Jazz greats Ron Carter & Richard Galliano team up for a rare live performance
Turning 80 this year, bass man Ron Carter has few peers left standing from jazz’s mid-20th century second golden age. His staggering number of collaborations has earned him a Guinness World Record as Most Recorded Jazz Bassist, boasting over 2,200 individual credits to his name in a career that started with Eric Dolphy in 1960 and included a stint in one of Miles Davis’ most celebrated quintets alongside Herbie Hancock, Wayne Shorter and Tony Williams.
Likewise, French accordionist Richard Galliano is something of a legend: He spent his early years in Paris striving to establish his instrument in the field of jazz, paving the way for others while adding musette elements on the advice of his friend, Astor Piazzolla. Sharing a love for experimentation, Carter and Galliano have been sporadically playing together for decades now, issuing an intimate live recording of the two of them jamming in Paris in 1990, Panamanhattan. Still thriving, the duo is now revived and on the road again touring Europe; as always, neither Carter nor Galliano pander to any expectations when it comes to their respective instruments.

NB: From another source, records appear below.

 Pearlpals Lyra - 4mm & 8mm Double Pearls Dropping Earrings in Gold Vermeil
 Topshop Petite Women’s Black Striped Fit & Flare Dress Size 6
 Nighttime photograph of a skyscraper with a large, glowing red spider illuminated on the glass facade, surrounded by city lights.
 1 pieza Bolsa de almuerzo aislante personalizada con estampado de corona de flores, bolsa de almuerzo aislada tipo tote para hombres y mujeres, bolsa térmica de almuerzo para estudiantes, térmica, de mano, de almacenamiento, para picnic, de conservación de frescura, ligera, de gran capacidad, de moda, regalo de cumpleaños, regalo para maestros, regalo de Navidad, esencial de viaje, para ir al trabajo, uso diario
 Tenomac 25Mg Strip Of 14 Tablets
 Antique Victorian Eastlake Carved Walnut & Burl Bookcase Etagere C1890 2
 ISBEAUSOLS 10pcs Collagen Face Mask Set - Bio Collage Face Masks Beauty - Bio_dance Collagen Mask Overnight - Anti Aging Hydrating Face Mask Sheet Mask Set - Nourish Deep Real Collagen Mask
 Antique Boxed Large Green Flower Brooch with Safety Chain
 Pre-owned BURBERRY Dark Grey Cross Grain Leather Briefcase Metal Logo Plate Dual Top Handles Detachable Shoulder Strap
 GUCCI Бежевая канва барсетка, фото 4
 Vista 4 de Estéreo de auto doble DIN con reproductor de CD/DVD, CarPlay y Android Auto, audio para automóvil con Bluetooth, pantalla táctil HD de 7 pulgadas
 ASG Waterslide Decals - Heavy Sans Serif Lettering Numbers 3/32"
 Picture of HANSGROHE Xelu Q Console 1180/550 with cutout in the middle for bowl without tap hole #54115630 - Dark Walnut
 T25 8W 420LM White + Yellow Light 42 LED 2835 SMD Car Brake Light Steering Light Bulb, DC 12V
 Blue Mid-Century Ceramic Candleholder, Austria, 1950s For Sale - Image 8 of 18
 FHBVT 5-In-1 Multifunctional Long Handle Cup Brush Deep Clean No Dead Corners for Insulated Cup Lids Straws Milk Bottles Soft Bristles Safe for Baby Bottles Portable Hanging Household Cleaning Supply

Rather than diving into fusion and the avant-garde experimentalism at the end of the 1960s – as many did after Miles Davis’ game-changing Bitches Brew – Carter remained committed to transforming the double bass from a bit player to a leading voice in jazz: A melodic testament to Carter’s origins as a classical cellist before that path was cut short by racial prejudice in the United States at the time. He has since embarked on a successful career on cello as well.
In conjunction with Galliano’s Parisian influences, the nature of jazz’s international language has rarely been more distinct. With his accordion, Galliano can conjure tones and phrases akin to solo trumpeters, while Carter often imbues his strings with equal parts baroque melodicism and smoky jazz dive cool. Few duos have more to say about the deep connection between European tradition and American jazz.
Even at this later stage in such illustrious careers, the magnitude of a humble double bass and accordion playing in a room as vast and ornate as the Konzerthaus’ Großer Saal is stirring. Refusing to yield or relent, continuing to improvise and compose new material some six decades down thoroughly unusual paths – it’s undeniably impressive. And yet, it’s the intimate persona of their music that remains its most winsome aspect.